I feel as though perhaps I'm sitting on the fence with this one, and that even surprise's me to say this. It wasn't that long ago I probably would have slammed the idea in allowing natural parents the right to access identifying information about their adult - adoptee without their consent, however without complete resolution I can see the need for this. Let me explain;
As an adult adoptee, I received a letter from the Department of Human Services when my birth mother initiated wanting to establish contact with me. At the time I was mortified that such a letter could be sent to someone who had no control over their adoption. The opening words on the letter went something like this:
'You may not be aware of the following sensitive information.' 'It is regarding your adoption.'
Stop and imagine how that would affect someone who DID NOT know they were adopted and the implications that could leave on the adoptive family for choosing not to tell the child.
Luckily, I knew of my adoption, but I can tell you I was still very angry to have received such a letter with little thought of the emotion consequences it carried.
I did go on to allow contact with my birth mother. We spent over twenty years contacting one another until such time it became strained, leaving me with the sense she thought I owed her something. It was no longer a healthy relationship and our contact ended abruptly.
Now, in 2013, adoptees face similar consequences and I wonder how that will help those taking this new opportunity on.
Yes, I understand that an adult adoptee can take steps to stop any contact if that's what they want, but then the birth (natural) parents face another blow knowing their adult adoptee wants nothing to do with them.
What if both parties agree on contact - regardless whether it is physical or through correspondence and it turns ugly - what have they achieved, another negative to add to this whole charade.
What if the natural parent begins stalking the adoptee? Who is going to govern that? Has that even been taken into consideration? Too many stones left unturned in my opinion.
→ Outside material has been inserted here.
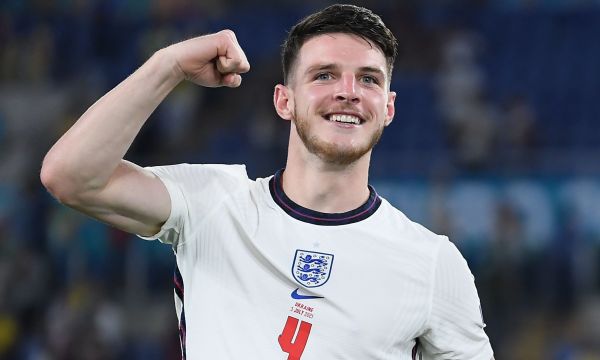 Ман Юнайтед запазва интереса си към Деклан Райс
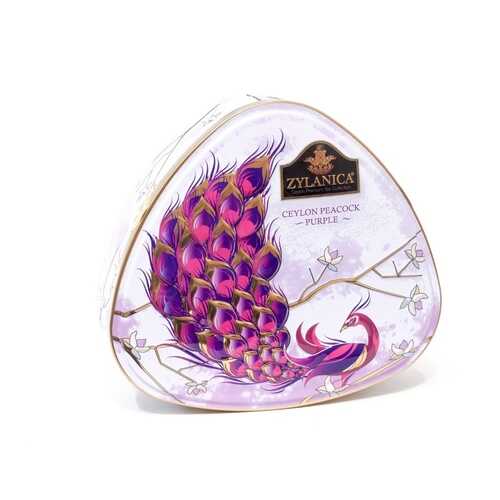 Чай Zylanica Ceylon Peacock Purple черный листовой FBOP 100 г в Магнит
Oh I hear you, what if it all turns out great, they got the opportunity to meet one another, to learn about one another - that would be great, yes. But statistics tell us that most reunions don't last; they become strained or at some point one party doesn't want to continue, there's a breakdown - so again another blow.
I do remain hopeful that through this decision in providing identifying information to natural parents they quite possibly may gain positive outcomes, perhaps enough to help heal some of the pain they have experienced, as long as it is done with respect for the other party/ies involved.
I don't believe there will ever be a solution to how past adoption practices have impacted on those lives affected; regardless of changing the Act in order to right past wrongs.
Sorry no comments allowed as this is such a diverse topic.